Sûrement, ce que M. de Talleyrand disait ou insinuait avec un art très fin, M. de Metternich se l’était dit et le pensait sans se laisser aller à l’avouer. Il ne demandait pas mieux que de sauver la Saxe de la rapacité prussienne. Il était vivement préoccupé et de l’extension territoriale de « l’ennemi naturel, » et du danger des passions nationales et révolutionnaires qui conspiraient pour la Prusse ; mais il n’osait rien dire, il craignait d’engager la lutte.
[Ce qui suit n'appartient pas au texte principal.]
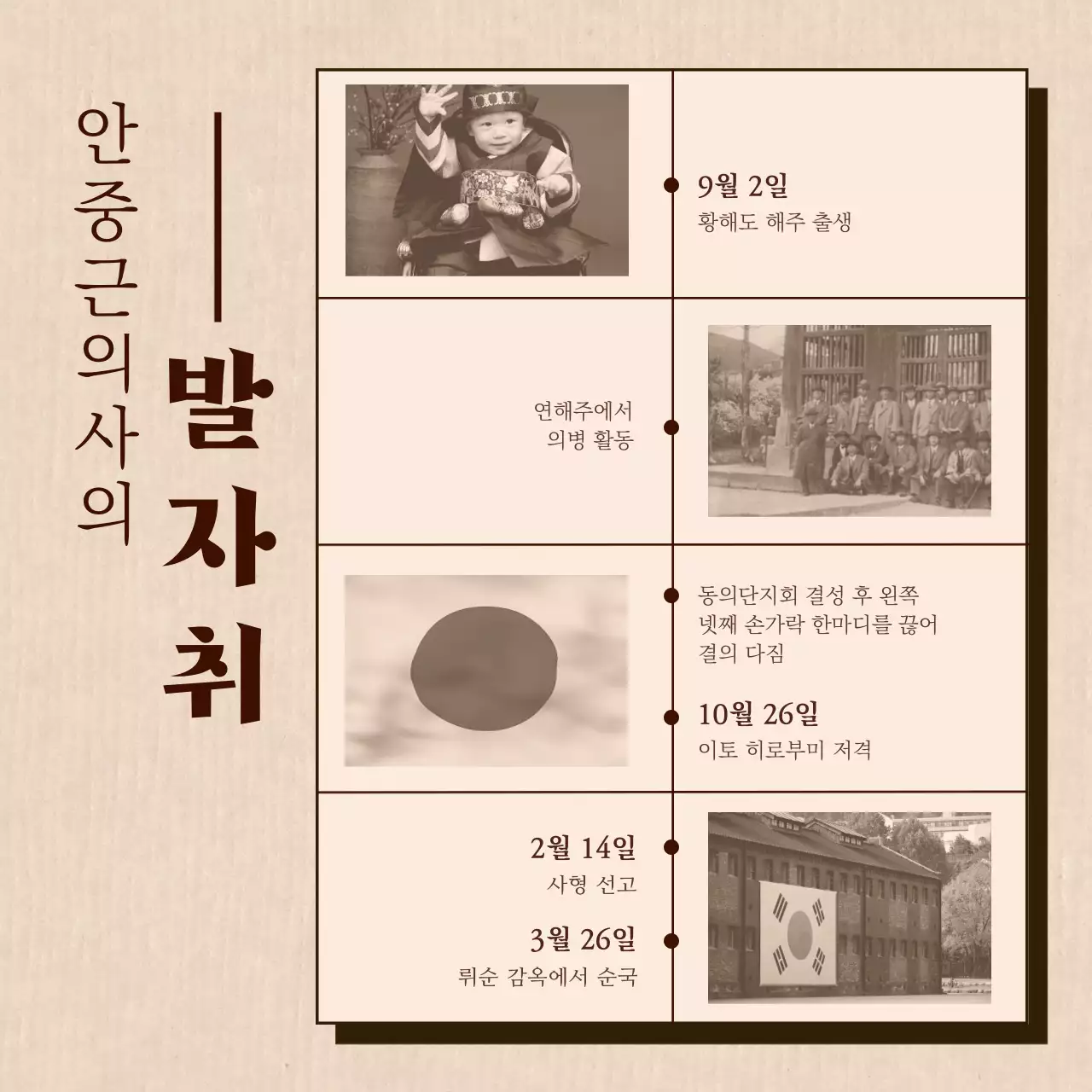 옅은 브라운톤의 한국적인 분위기의 독립운동 안내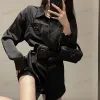 Sashes Blouse for Womens Designers Triangle Letter Shirts Tops Quality Chiffon Blouses Sexy Coat with Waist Bag Pra Women's Shirt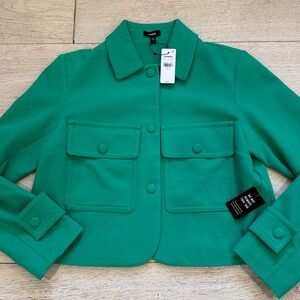 Express Collared Cropped Jacket in Vibrant Green Size Small NWT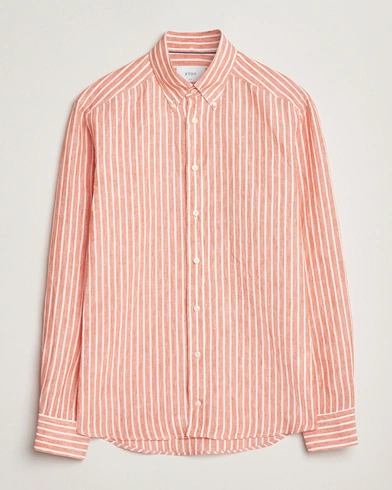 Men | Eton | Eton | Slim Fit Striped Linen Shirt Orange/White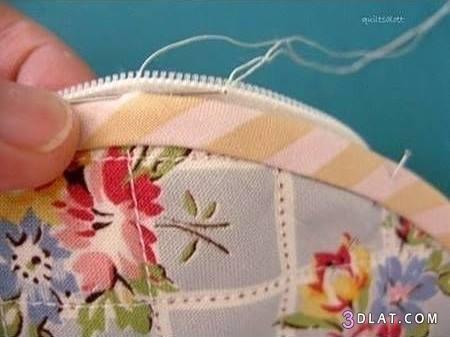 طريقة عمل شنطة مكياج بالقماش يدوية,اشغال يدوية سهلة,محفظة قماش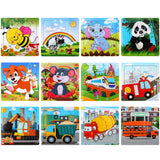 SANNIX 12 Pack Wooden Jigsaw Puzzles for Toddlers 3 4 5 Years Old, Party Favors Animals Jigsaw for Kids, Transportation Educational Puzzles Travel Toy with 12 Organize Bags SANNIX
Il n’était pas sûr d’avoir avec lui l’Angleterre, qui en était encore à se flatter de trouver dans une Prusse agrandie l’alliée qu’elle rêvait sur le continent, et M. de Talleyrand lui-même, qui parlait tant, qui excitait si vivement les autres à la résistance, quel secours avait-il à offrir ? Pouvait-on rien attendre de la France, qu’on croyait épuisée ? « Votre légation, disait-on à un des envoyés français, parle très habilement ; mais vous ne voulez point agir, et nous, nous ne voulons point agir seuls… » Le chancelier d’Autriche attendait que cette situation se débrouillât. Le jour où lord Castlereagh, au nom de l’Angleterre, commençait à se tourner contre les ambitions russes et prussiennes, où la France reprenait une autorité imprévue et montrait qu’elle n’était pas aussi épuisée qu’on le croyait, où les petites cours, la Bavière, le Wurtemberg, le Hanovre, se déclaraient avec vivacité contre l’incorporation de la Saxe à la monarchie prussienne, ce jour-là M. de Metternich n’hésitait plus. Il se sentait assez fort pour se dévoiler par degrés et engager l’action. De là cette lutte qui, pendant quelques semaines de novembre et décembre 1814, se déroulait, à travers toute sorte de péripéties, à Vienne, entre la diplomatie de M. de Metternich et de lord Castlereagh, appuyée, excitée par M. de Talleyrand, et la diplomatie prussienne, acharnée à réclamer sa conquête : lutte singulière, mêlée d’intrigues, de subterfuges, où les Prussiens exhalaient bruyamment leur colère, s’emportant contre la France, cherchant à intimider les petits princes allemands qui se prononçaient pour la Saxe, accusant surtout M. de Metternich de défection et allant jusqu’à menacer de soutenir leurs prétentions par la guerre ! Ainsi se réveillait et se précisait, au seuil d’un ordre nouveau, le vieil antagonisme de l’Autriche et de la Prusse en Allemagne.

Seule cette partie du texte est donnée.